> **Exercise data**
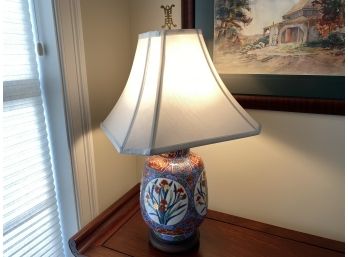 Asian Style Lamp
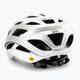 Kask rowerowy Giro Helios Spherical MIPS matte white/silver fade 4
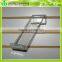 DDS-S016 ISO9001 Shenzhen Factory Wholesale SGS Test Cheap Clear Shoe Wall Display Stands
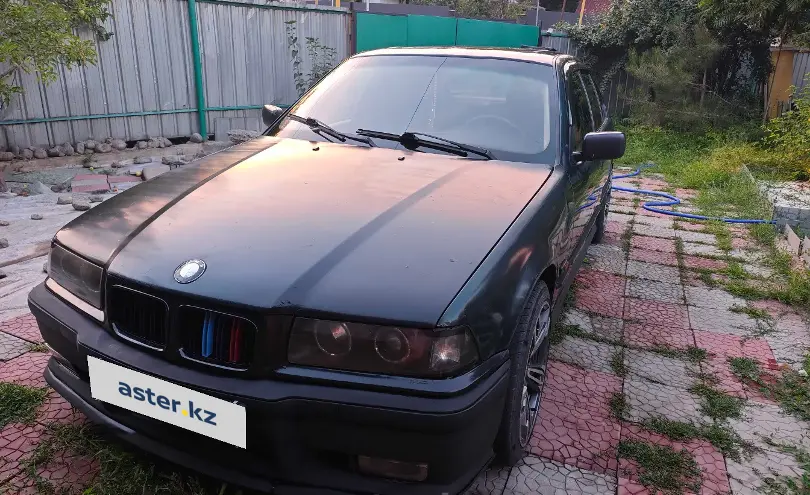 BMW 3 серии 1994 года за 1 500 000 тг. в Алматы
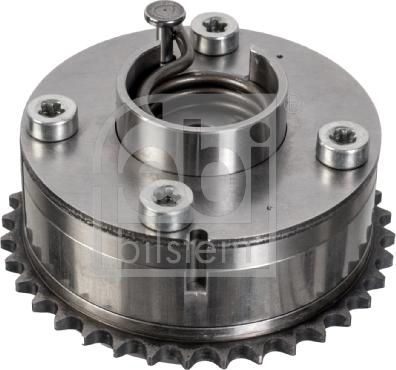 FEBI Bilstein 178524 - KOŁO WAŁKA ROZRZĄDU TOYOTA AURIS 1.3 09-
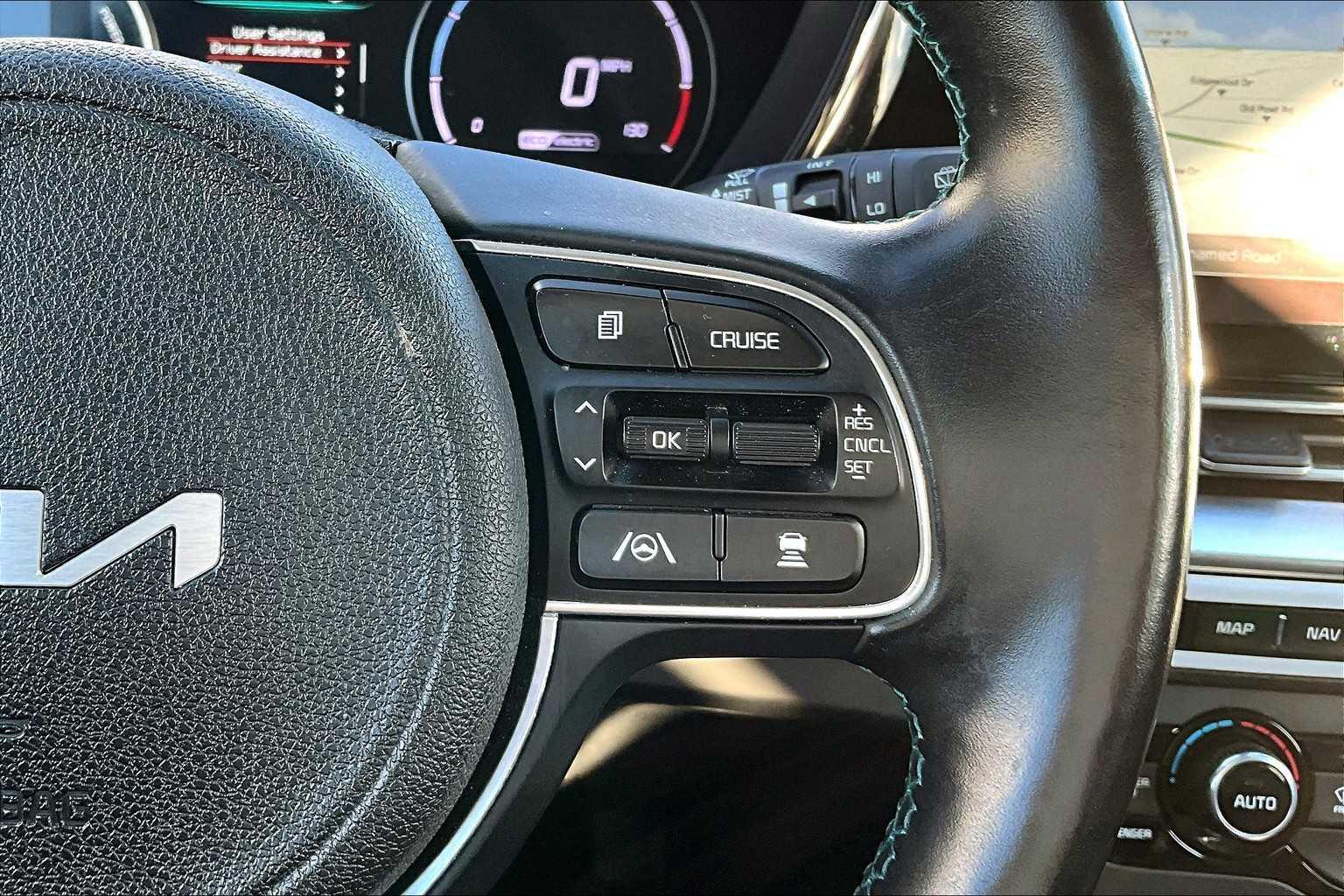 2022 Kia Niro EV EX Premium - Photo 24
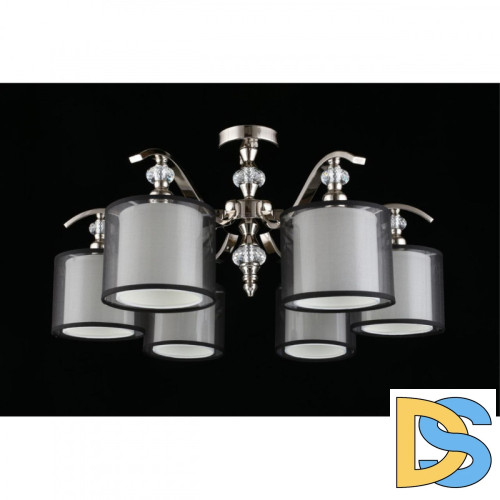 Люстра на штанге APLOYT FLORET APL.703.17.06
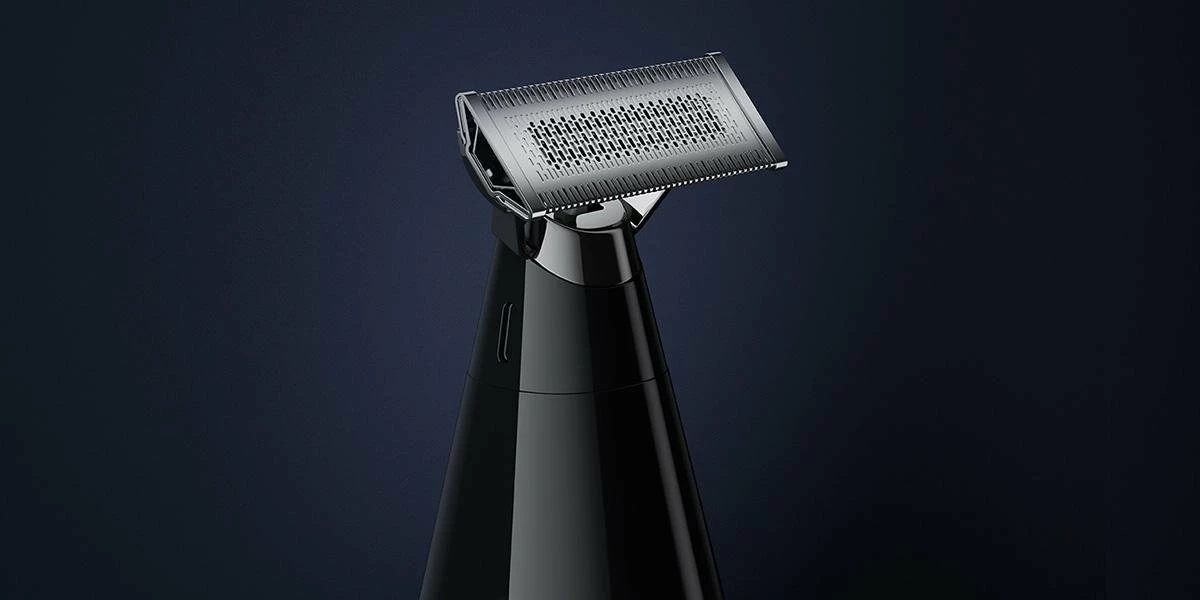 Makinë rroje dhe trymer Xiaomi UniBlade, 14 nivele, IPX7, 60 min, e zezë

--

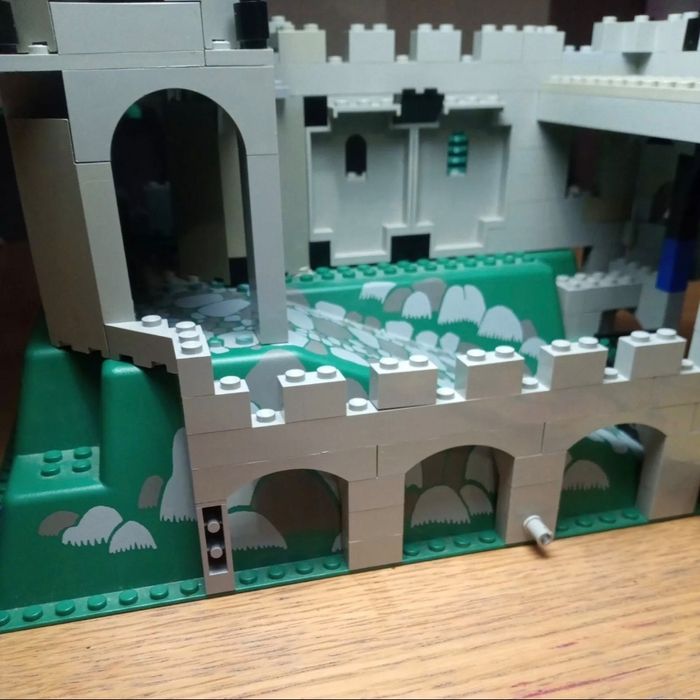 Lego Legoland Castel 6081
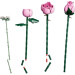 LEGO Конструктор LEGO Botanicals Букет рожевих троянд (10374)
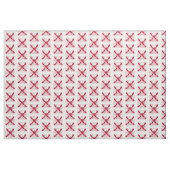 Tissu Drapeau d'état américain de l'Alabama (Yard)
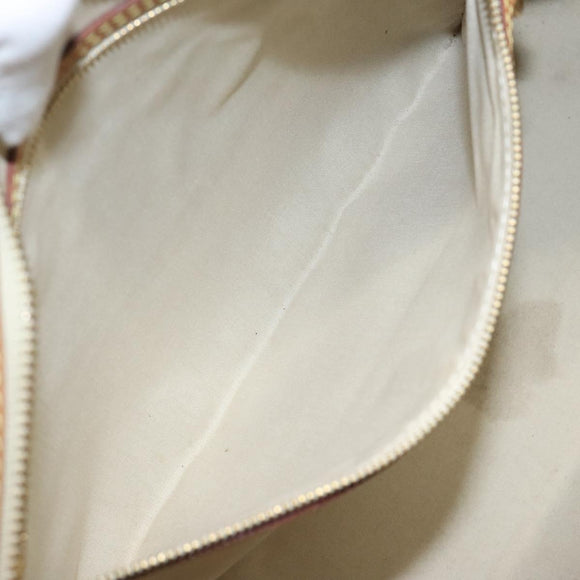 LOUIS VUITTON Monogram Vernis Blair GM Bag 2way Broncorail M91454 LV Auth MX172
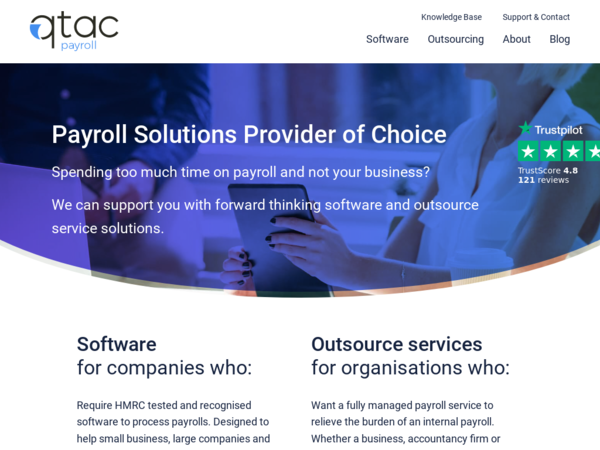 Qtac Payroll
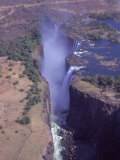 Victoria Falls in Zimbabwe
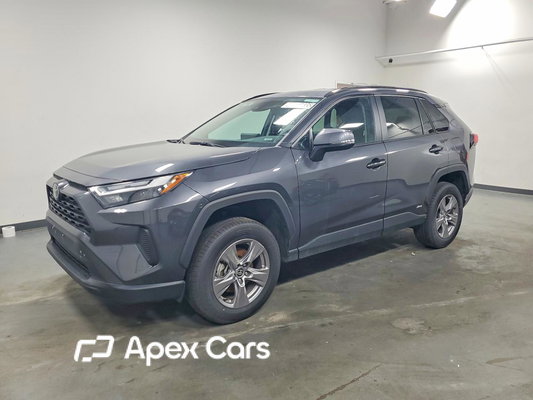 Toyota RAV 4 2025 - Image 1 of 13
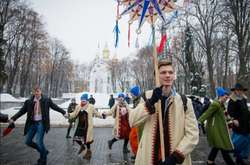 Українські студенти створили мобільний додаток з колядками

---

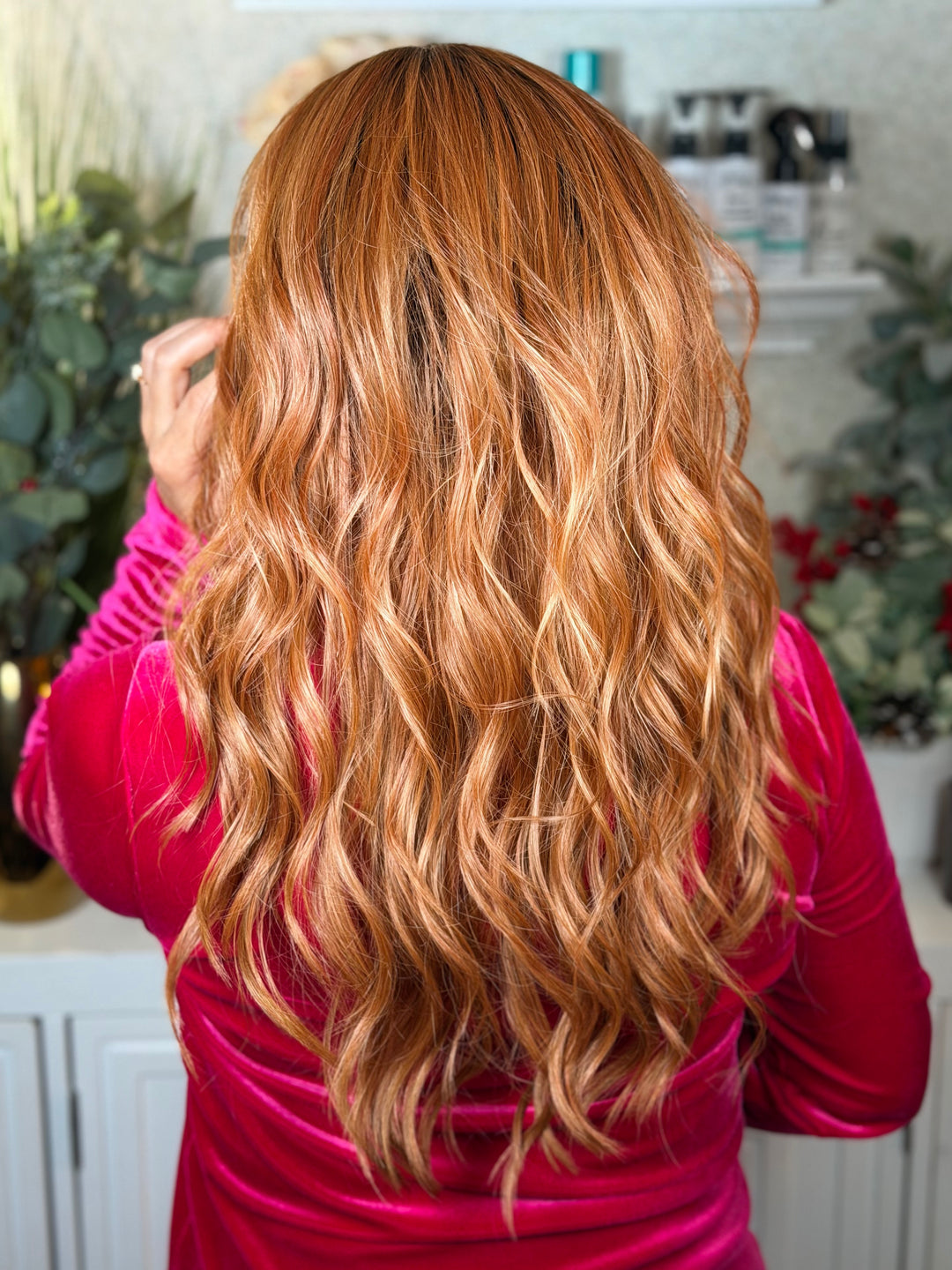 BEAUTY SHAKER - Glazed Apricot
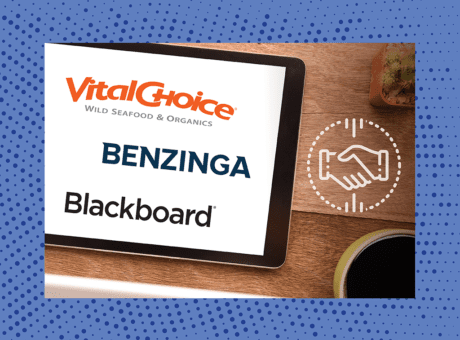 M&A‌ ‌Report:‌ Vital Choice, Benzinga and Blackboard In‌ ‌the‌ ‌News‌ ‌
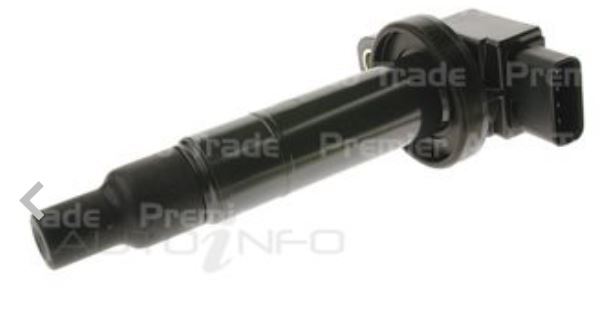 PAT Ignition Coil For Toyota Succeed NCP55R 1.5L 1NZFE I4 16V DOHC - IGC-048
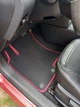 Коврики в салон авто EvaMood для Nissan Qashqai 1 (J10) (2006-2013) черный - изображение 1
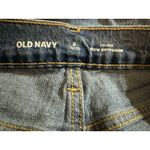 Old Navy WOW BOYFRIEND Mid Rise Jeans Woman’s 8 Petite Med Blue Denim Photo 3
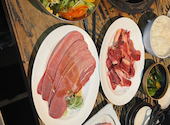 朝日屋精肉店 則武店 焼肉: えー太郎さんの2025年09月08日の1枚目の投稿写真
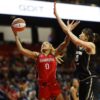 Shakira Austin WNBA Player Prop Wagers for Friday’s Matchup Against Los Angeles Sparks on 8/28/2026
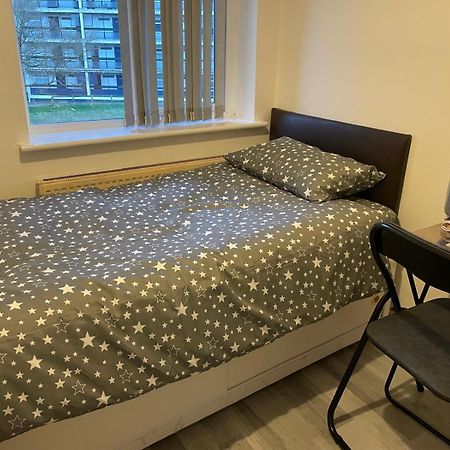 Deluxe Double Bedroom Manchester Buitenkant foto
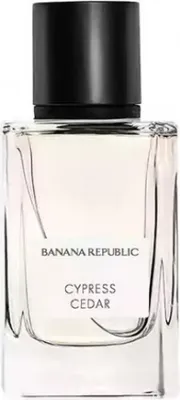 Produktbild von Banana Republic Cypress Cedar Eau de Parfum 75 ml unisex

> **Assignment**
Using the data above, copy exactly the lines from the one containing "Asian Style Lamp" to the one containing "2022 Kia Niro EV EX Premium - Photo 24", inclusive. Exclude the pictures.

> **Reply**
 Asian Style Lamp
 Kask rowerowy Giro Helios Spherical MIPS matte white/silver fade 4
 DDS-S016 ISO9001 Shenzhen Factory Wholesale SGS Test Cheap Clear Shoe Wall Display Stands
 BMW 3 серии 1994 года за 1 500 000 тг. в Алматы
 FEBI Bilstein 178524 - KOŁO WAŁKA ROZRZĄDU TOYOTA AURIS 1.3 09-
 2022 Kia Niro EV EX Premium - Photo 24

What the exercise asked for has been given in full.